_Work request_: What's needed: every entry, printed exactly, minus the images.
/---
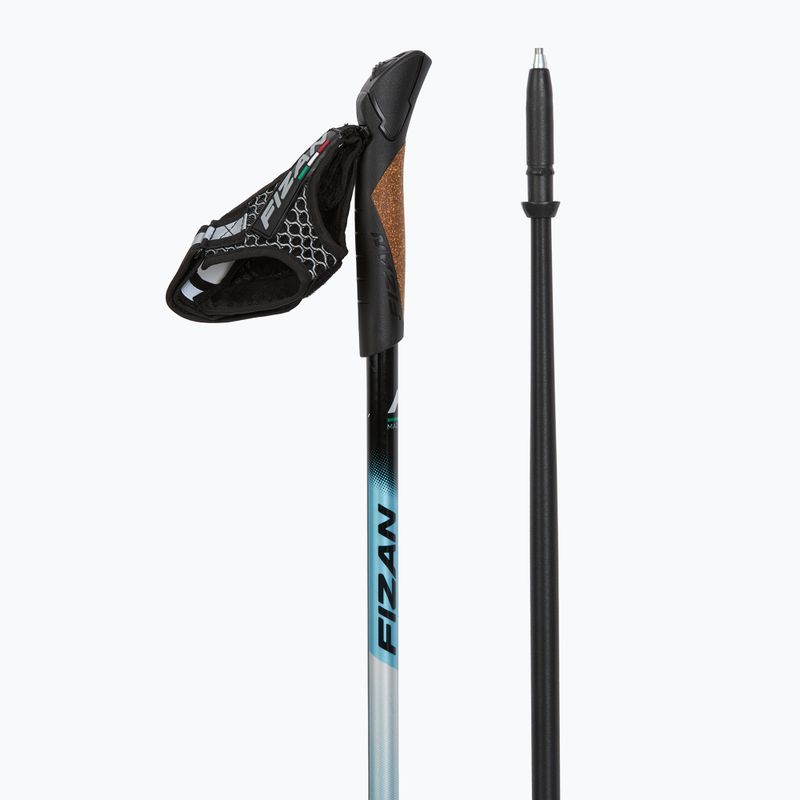 Nordic walking botok Fizan Speed light blue 3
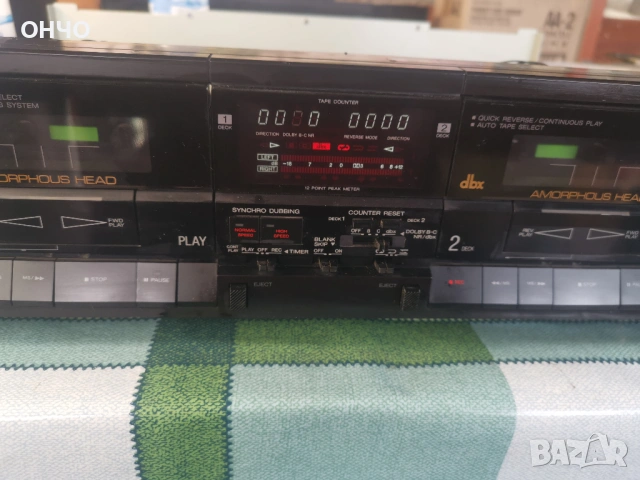 Дек aiwa AD-WX808, снимка 5 - Декове - 53885290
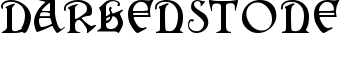 download Darkenstone font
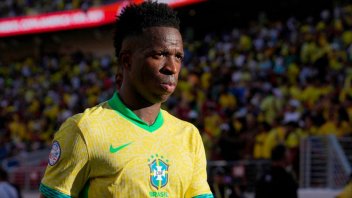 El crudo descargo de Vinicius tras la eliminación de Brasil en la Copa América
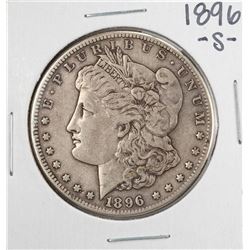 1896-S $1 Morgan Silver Dollar Coin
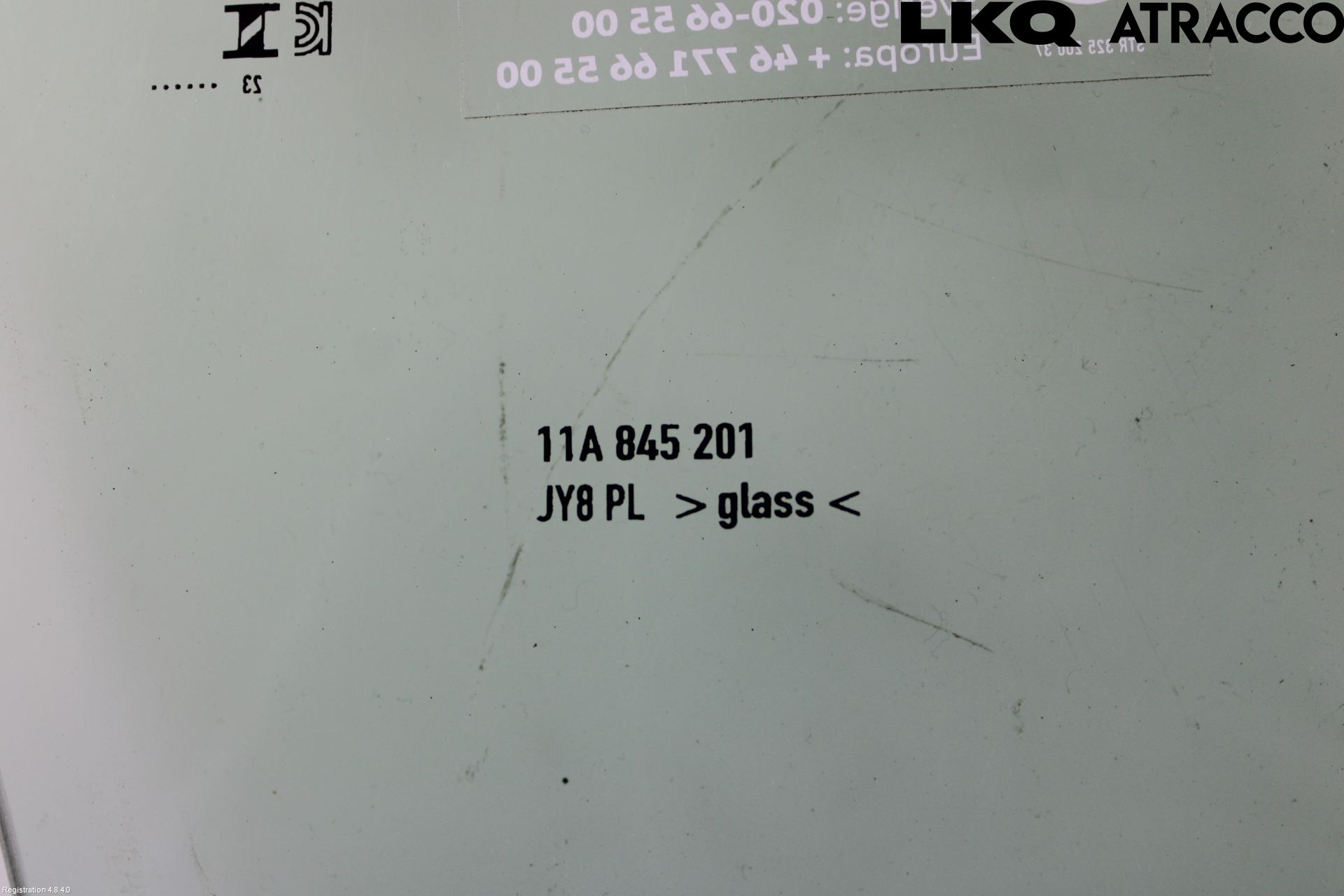 Volkswagen VW ID.4 21- Dörruta Fram Vänster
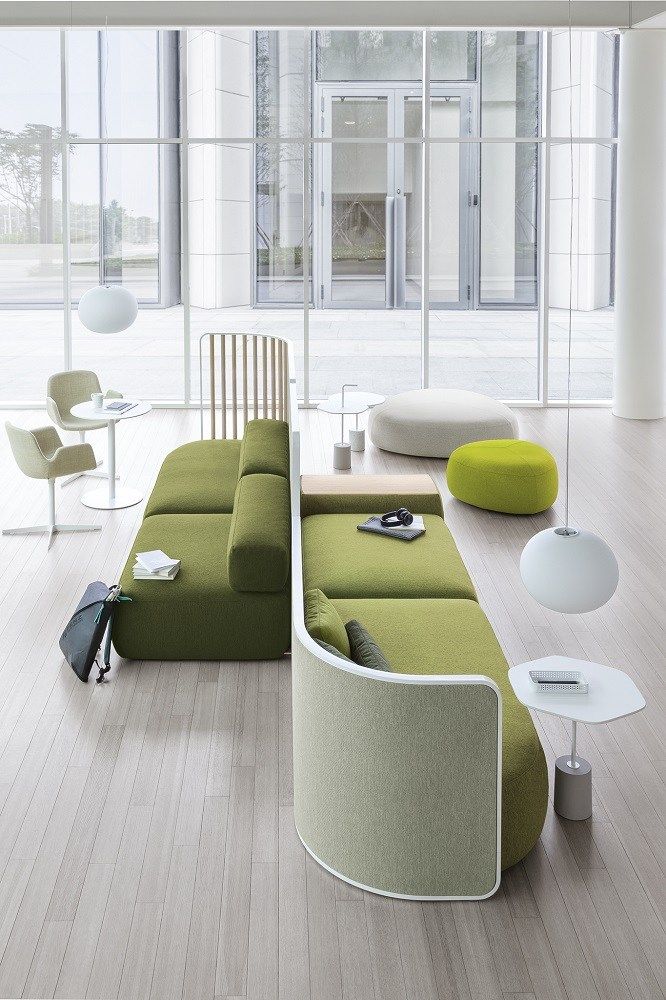 PLUS D215 Pouf / Single Seater La Palma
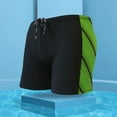 thumbnail image 2 of Swim Trunks Men 5 Inch Striped Drawstring Board Shorts Light Mens Bathing Suit 9 Inch Inseam Swim Trunks Men Summer Beach Loose Fit Swimwear, 2 of 6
\---
_Result_:
 Nordic walking botok Fizan Speed light blue 3
 Дек aiwa AD-WX808, снимка 5 - Декове - 53885290
 download Darkenstone font
 El crudo descargo de Vinicius tras la eliminación de Brasil en la Copa América
 1896-S $1 Morgan Silver Dollar Coin
 Volkswagen VW ID.4 21- Dörruta Fram Vänster
 PLUS D215 Pouf / Single Seater La Palma
 thumbnail image 2 of Swim Trunks Men 5 Inch Striped Drawstring Board Shorts Light Mens Bathing Suit 9 Inch Inseam Swim Trunks Men Summer Beach Loose Fit Swimwear, 2 of 6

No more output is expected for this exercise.